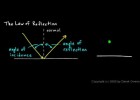 Physics 11.1.1b - The Law of Reflection | Recurso educativo 750224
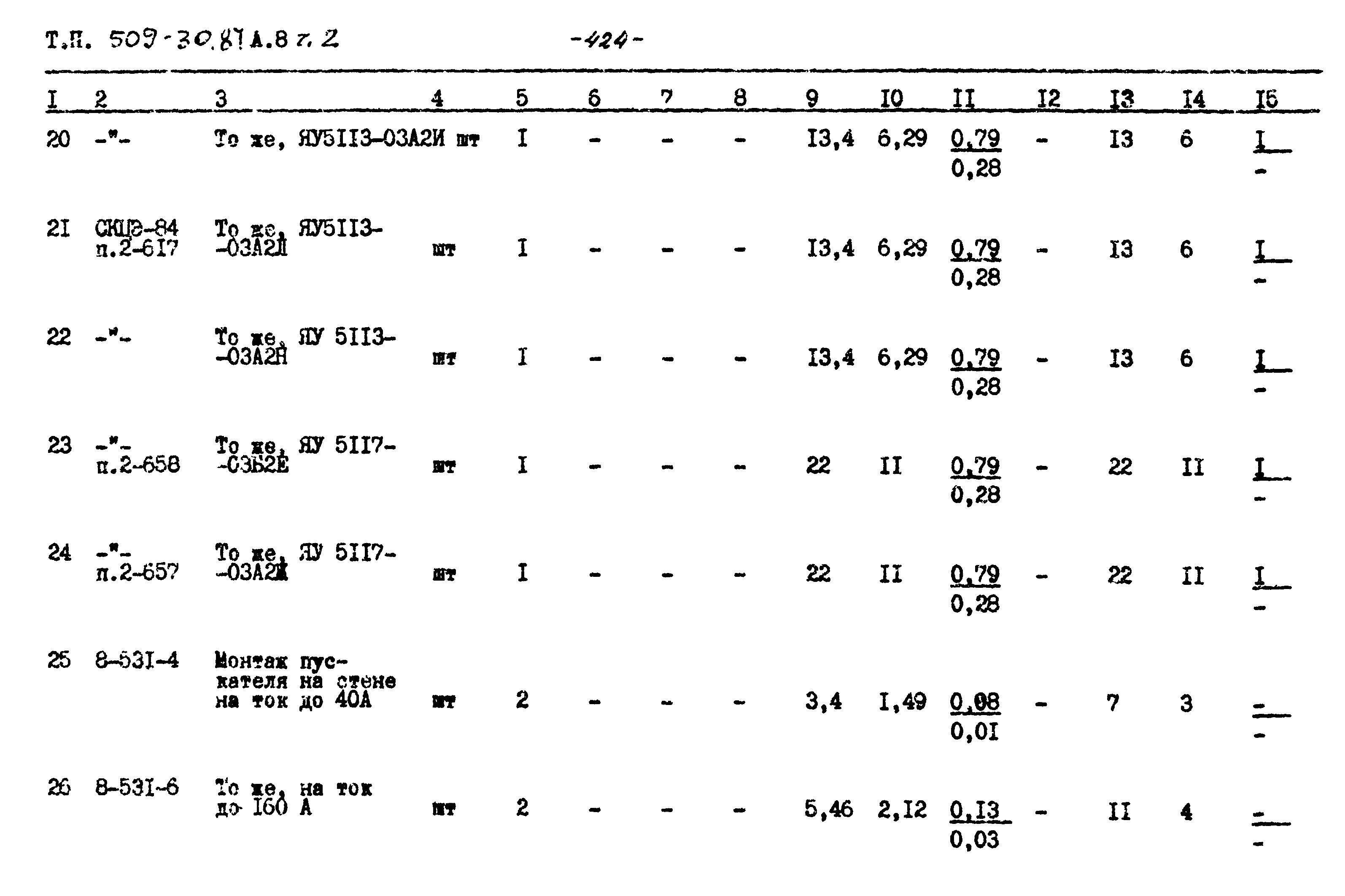 Типовой проект 509-30.87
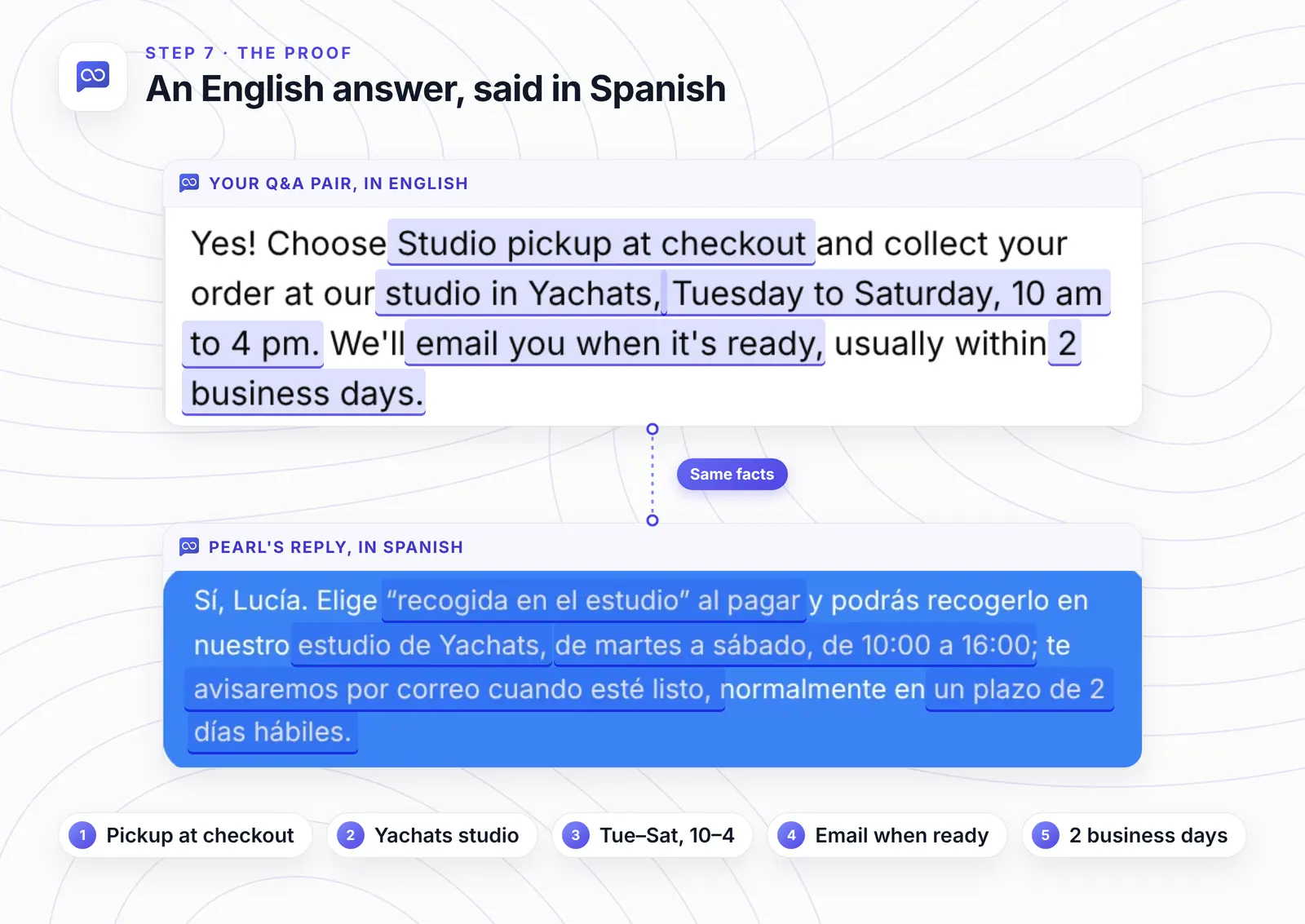 The English Q&A answer above Pearl's Spanish reply, with five facts ringed in both: pickup chosen at checkout, the Yachats studio, Tuesday to Saturday 10 to 4, an email when it's ready, and 2 business days.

****************************************

■ **Activity**:
Each line above has to be returned exactly. Drop the pictures.

■ **Exercise solution**:
 Physics 11.1.1b - The Law of Reflection | Recurso educativo 750224
 Типовой проект 509-30.87
 The English Q&A answer above Pearl's Spanish reply, with five facts ringed in both: pickup chosen at checkout, the Yachats studio, Tuesday to Saturday 10 to 4, an email when it's ready, and 2 business days.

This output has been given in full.